Below are several entries. Transcribe exactly those lines that fall from the one with "Harold Baines Card" through the one with "Scatole In Cartone", end lines included.

═════ RECORD SET ═════

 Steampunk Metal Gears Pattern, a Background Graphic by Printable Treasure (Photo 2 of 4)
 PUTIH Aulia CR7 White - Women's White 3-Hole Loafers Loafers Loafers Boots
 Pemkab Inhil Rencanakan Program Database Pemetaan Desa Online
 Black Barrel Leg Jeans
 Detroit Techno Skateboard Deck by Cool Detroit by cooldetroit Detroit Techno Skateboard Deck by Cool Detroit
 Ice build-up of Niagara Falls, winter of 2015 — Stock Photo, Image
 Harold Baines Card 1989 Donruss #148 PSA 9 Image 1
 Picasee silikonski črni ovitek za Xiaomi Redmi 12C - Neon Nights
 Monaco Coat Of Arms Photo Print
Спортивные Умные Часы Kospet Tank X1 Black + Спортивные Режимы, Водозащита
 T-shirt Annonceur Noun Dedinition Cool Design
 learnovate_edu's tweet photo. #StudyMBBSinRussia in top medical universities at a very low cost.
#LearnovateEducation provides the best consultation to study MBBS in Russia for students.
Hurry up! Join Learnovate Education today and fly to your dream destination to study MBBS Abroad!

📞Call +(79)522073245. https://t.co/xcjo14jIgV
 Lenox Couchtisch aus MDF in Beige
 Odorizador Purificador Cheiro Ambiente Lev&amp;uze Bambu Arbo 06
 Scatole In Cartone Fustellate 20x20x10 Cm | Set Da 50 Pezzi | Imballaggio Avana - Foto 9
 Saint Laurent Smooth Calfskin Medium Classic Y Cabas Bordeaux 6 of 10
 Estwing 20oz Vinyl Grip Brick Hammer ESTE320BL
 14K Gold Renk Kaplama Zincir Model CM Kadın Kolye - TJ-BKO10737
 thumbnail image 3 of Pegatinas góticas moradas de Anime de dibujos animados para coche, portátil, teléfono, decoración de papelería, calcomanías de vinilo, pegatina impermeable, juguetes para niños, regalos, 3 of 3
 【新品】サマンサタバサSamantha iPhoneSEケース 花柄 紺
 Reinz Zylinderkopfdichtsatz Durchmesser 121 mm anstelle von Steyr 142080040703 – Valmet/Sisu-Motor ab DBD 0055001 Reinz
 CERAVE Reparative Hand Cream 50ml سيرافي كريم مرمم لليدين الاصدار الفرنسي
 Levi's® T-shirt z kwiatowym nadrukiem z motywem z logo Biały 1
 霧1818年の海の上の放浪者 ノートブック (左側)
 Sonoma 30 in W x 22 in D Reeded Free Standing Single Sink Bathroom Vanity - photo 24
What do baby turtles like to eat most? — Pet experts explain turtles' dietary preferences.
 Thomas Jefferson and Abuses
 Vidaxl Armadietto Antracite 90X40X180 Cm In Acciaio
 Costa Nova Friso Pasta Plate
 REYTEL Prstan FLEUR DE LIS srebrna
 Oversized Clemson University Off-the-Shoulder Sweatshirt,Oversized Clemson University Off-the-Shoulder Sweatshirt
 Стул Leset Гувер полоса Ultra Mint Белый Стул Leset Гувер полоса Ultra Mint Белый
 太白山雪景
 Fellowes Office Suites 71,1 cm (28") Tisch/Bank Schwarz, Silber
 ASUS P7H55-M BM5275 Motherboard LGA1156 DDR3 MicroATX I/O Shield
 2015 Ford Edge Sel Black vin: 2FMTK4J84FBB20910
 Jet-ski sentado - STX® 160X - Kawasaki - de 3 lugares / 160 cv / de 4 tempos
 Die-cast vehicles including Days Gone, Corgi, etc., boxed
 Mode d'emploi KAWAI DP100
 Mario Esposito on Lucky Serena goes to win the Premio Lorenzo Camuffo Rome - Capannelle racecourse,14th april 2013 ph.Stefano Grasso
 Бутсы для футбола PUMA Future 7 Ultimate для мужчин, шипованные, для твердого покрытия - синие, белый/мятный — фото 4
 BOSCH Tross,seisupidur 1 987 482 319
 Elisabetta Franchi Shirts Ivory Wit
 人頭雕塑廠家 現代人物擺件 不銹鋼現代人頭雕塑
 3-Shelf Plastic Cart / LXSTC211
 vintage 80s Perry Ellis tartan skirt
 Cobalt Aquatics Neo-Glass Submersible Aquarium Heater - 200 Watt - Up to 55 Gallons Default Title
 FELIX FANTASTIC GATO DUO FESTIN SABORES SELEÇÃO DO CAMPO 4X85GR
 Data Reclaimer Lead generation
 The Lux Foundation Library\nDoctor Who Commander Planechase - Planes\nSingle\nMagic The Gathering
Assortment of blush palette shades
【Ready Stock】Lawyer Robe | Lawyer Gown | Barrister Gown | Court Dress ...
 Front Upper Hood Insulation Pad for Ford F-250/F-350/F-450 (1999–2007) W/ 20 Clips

═════

= EXERCISE SOLUTION =
 Harold Baines Card 1989 Donruss #148 PSA 9 Image 1
 Picasee silikonski črni ovitek za Xiaomi Redmi 12C - Neon Nights
 Monaco Coat Of Arms Photo Print
Спортивные Умные Часы Kospet Tank X1 Black + Спортивные Режимы, Водозащита
 T-shirt Annonceur Noun Dedinition Cool Design
 learnovate_edu's tweet photo. #StudyMBBSinRussia in top medical universities at a very low cost.
#LearnovateEducation provides the best consultation to study MBBS in Russia for students.
Hurry up! Join Learnovate Education today and fly to your dream destination to study MBBS Abroad!

📞Call +(79)522073245. https://t.co/xcjo14jIgV
 Lenox Couchtisch aus MDF in Beige
 Odorizador Purificador Cheiro Ambiente Lev&amp;uze Bambu Arbo 06
 Scatole In Cartone Fustellate 20x20x10 Cm | Set Da 50 Pezzi | Imballaggio Avana - Foto 9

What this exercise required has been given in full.